A sigh of relief swept over the entire crowd. As our Marines stopped in formation for their final orders…I could see my husband right in front of me. He was directing his squad. I decided that Uncle Sam had him long enough…so I broke into formation and gave him a big kiss…all the other wives, parents, and kids seemed to follow.

That’s me eating Clay’s face when I jumped in formation.

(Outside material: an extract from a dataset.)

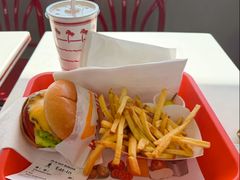 -In-N-Out Burger(LAX)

I know my husband was briefly embarrassed, but he knows me well enough to know I didn’t care!

Homeward Bound

I keep this picture from September 17, 2003 in my office as a reminder to put things in perspective on days when the impossible seems…well, darn near impossible and I feel like my interactions have been with people that have drank too much crazy juice. It’s not that great of a picture of us, our local newspaper actually captured it (thanks for documenting our story), but for me it is a symbol of blessings and thankfulness. So happy Happiest Day Ever to me! And you…celebrate with me! I hope your day is filled with “happy” too! Maybe you should create your own personal holiday to celebrate your spoonful.

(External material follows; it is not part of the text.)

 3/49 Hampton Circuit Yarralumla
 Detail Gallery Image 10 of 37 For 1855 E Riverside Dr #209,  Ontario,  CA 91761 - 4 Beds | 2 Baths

Today my spoon is full of happy!

A Younger Fellow in My Bed

That title was designed to grab your attention….especially all of you “Fifty Shades of Grey” readers (really, I am jealous because I haven’t had the time to read some good smut).  Yes, I have a younger man in my bed. He snuggles with me most of the night and occasionally rubs my arm and pats my back. The young fellow in my bed is actually my almost two year old.Cooper, Brown, and Blue...sound asleep.  I will be the first to admit, I slept in my momma’s bed most of my childhood. I really don’t recall why, except I remember my brother wanting my dad to sleep in his bed, so I felt sorry for mom. At least that is my story…she might not agree.

Anyone close to me knows I pretty much require a minimum of eight hours of sleep a night to be at my optimum. My husband probably appreciates this fact the most. When I am sleep deprived I turn in to what you might call at “bitch-a-saurous” (can you tell we are into dinosaurs at my house?). These days, sleep rarely happens at my house. As matter of fact I don’t recall the last time I have had more than five hours of sleep a night. Okay…I know-pity party of one you may be seated. But the point I am making-I really value sleep. I believe in the rejuvenation it brings to the mind and body. My rejuvenation has been invaded by a two year old in my bed that spins like a rotisserie chicken and is accompanied by a bear named “Brown” and a blanket he calls “Blue” (creative aren’t we?).

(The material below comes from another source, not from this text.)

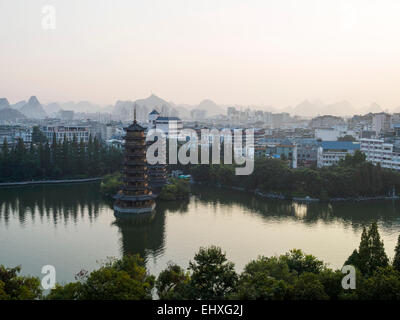 Die Sonne und Mond Pagoden im Banyan See in Guilin, China Stockfoto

My husband’s career is temporarily taking him out of town a lot more than usual. Like-he gets visitation rights to our life on the weekends. Somewhere between the two year molars, our move into a rental while our home is being built, and my husband taking a new job-my good old friend Mr. Sandman got lost. I am not sure if he didn’t make it in the move, hides in my husband’s suitcase, or just got mad at us and left all together. I sure hope he will at least visit us in our new place. I have vowed my entire life to never let my child sleep in my bed. This week, I ate those words and they tasted darn good for the extra hours of sleep I gained.

After two weeks of sleepless nights which include the old scream it out method; which by the way whoever came up with that didn’t have my child…he has the heart of a fighter so his vocal chords are armed and ready for a night of screaming. I gave in. Now, I have to work myself out of this mess. Even our cat, Miss Kitty, is mad. She sits beside Cooper on the bed and meows most of the night for him to leave.  Occasionally, our eyes will meet and exchange a look that says “we could go sleep on the couch” but instead she goes and sleeps in his toddler bed.

I know it’s temporary and these are the days that pass us by. Maybe I will even be able to laugh and tell stories about it to his kids (I hope they cause him the same grief). But right now for the record, having a younger fellow in your bed ain’t all it’s cracked up to be.

Today my spoon is empty and begging for some magic sleeping sand dust from my old, friend Mr. Sandman.